Na entrevista, ela diz: “O décimo-terceiro sou eu. Eu me transformei no ‘Mineirinho’, massacrado pela polícia. Qualquer que tivesse sido o crime dele, uma bala bastava. O resto era vontade de matar. Era prepotência”.
Resoluta, Clarice afirma que o que ela escreve – por exemplo, o conto “Mineirinho” – não altera em nada a ordem das coisas. “Eu escrevo sem esperança de que o que eu escrevo altere qualquer coisa.

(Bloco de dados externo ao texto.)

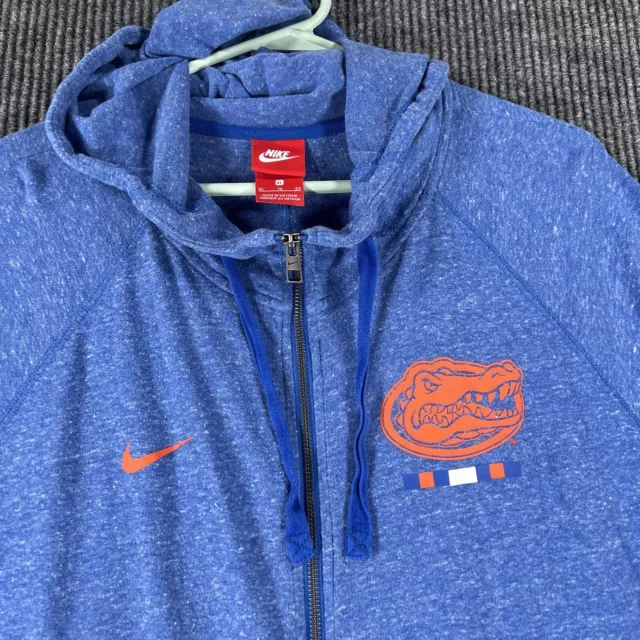 Nike Womens XL Blue Long Sleeve Florida Gators Full Zip Long Sleeve Hooded Shirt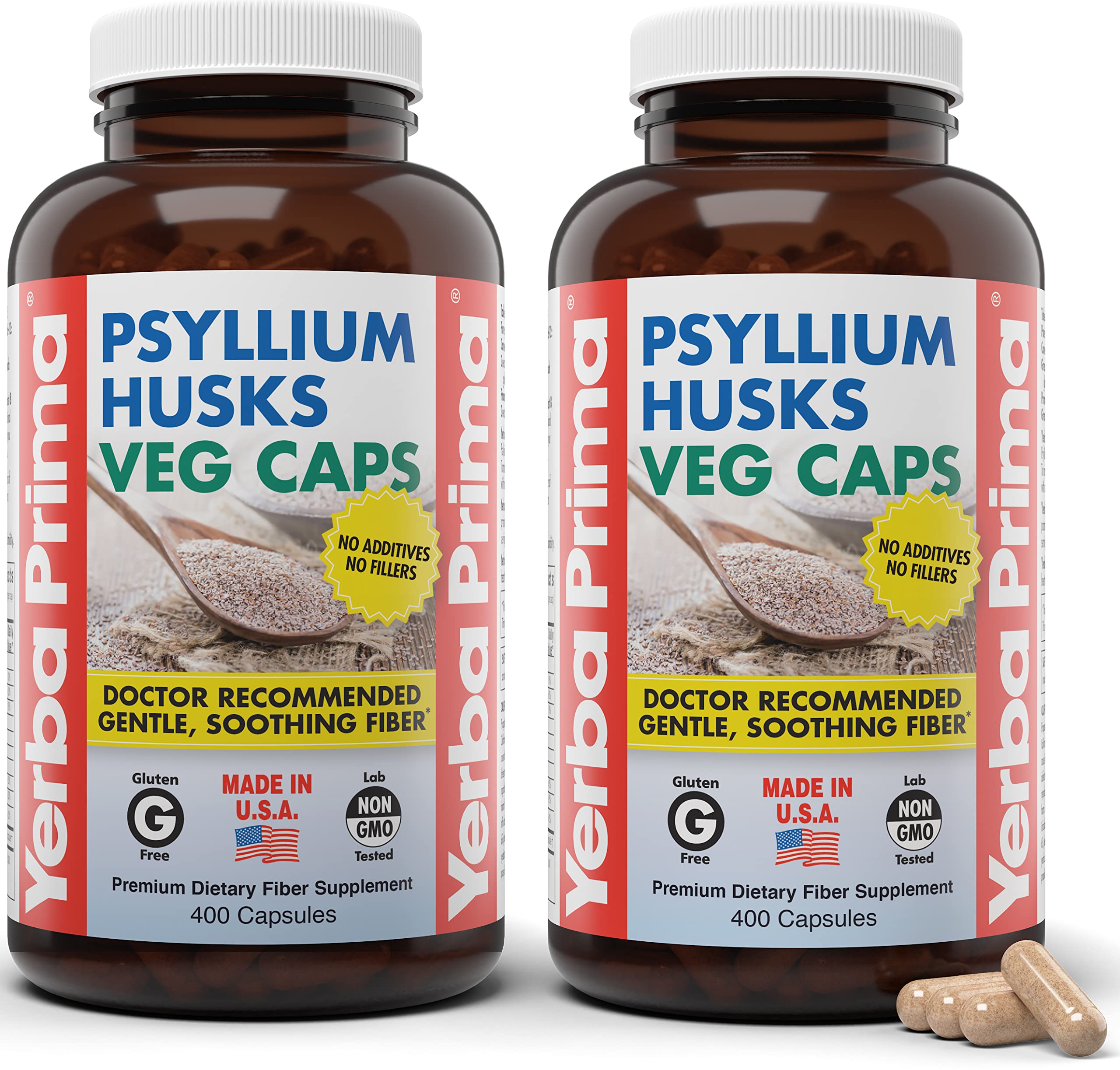 Yerba Prima psyllium husk capsules front view for daily fiber support.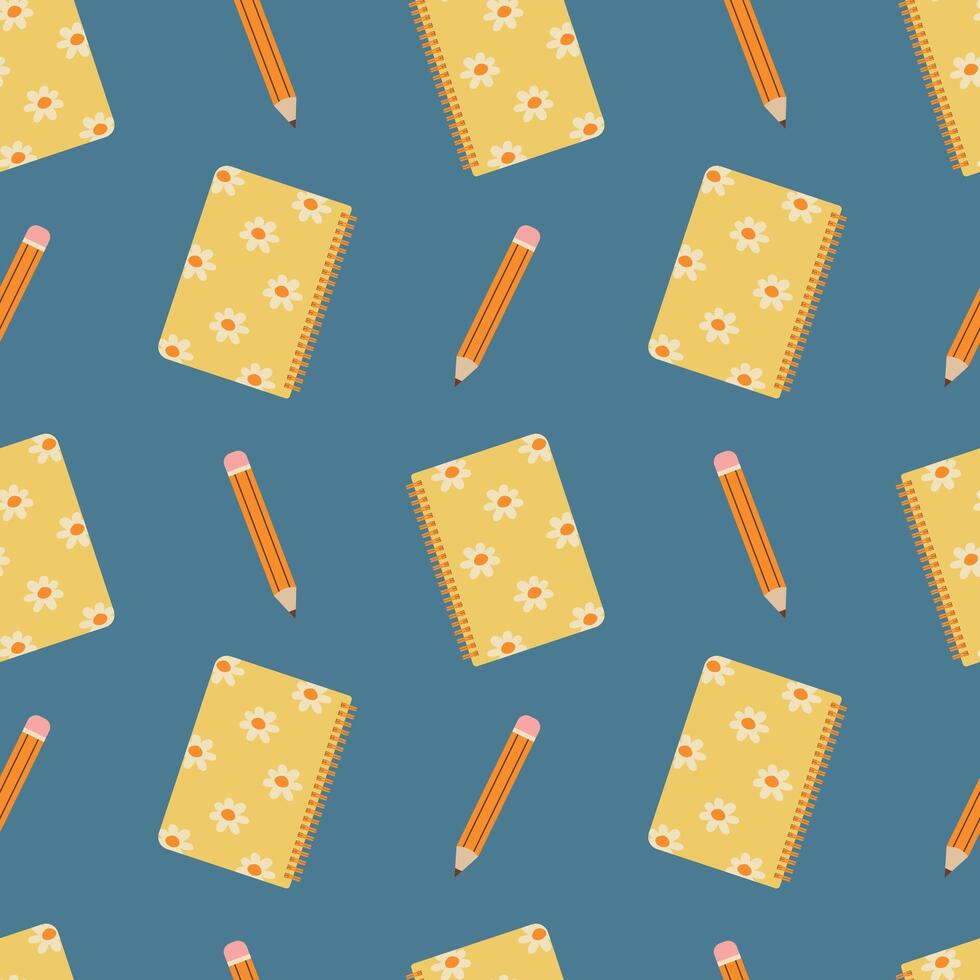 School notebook seamless pattern. Notepad and pencil on a blue background. illustration for cover, background, card, packaging vector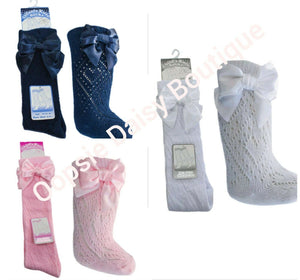 Girls Pelerine Knee High Socks With Ribbons 0-6 Years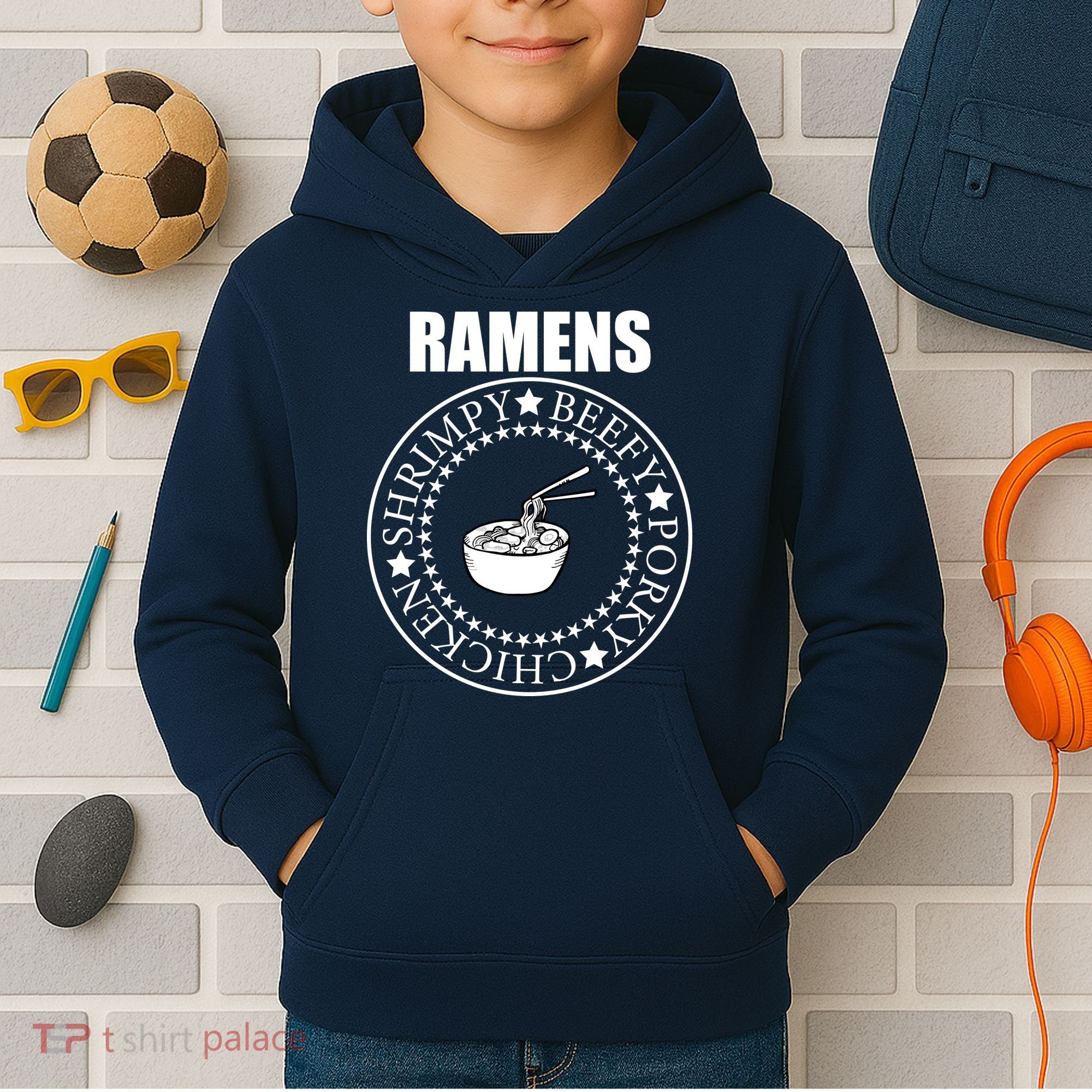Ramens Shrimpy Beefy Porky Chicken Kids Hoodie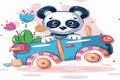 Tapyba Pagal Skaičius: „Panda vairuoja žaislinį automobiliuką“ 20x30 cm
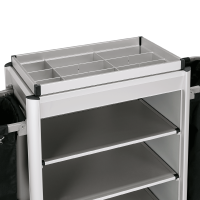 Vorschau: Zimmerservicewagen, helles Kantenprofil in Aluminiumoptik, 1550 x 550 x 1160 mm Vorschau: Zimmerservicewagen, helles Kantenprofil in Aluminiumoptik, 1550 x 550 x 1160 mm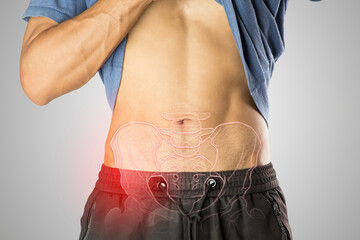 A man has pelvic problem.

Não altera em nada.” Ocorre, então, a célebre cena, várias vezes veiculada nas redes sociais: o entrevistador pergunta “então, por quê continuar escrevendo, Clarice?”, ao que ela responde: “e eu sei? (acende e traga um cigarro) Porque no fundo a gente não tá querendo alterar as coisas, a gente tá querendo desabrochar, de um modo ou de outro”.
Além do que foi dito neste texto, há muito mais nesta entrevista. Há falas de Olga Borelli, sua colega, que a acompanhou em seus últimos anos até o fim de sua vida. Há, também, uma entrevista com a cineasta Suzana Amaral, responsável por levar ao cinema a última novela de Clarice: a célebre “A Hora da Estrela”. E, ainda, mais falas da autora, abordando sua juventude, as críticas em torno de sua obra, seu processo criativo, sua rotina…
Em suma: além de rara e única, esta entrevista possui a maior qualidade de todas: é uma delícia de assistir.
O programa “Panorama com Clarice Lispector”, realizado pela TV Cultura, está disponível em seu respectivo canal no Youtube.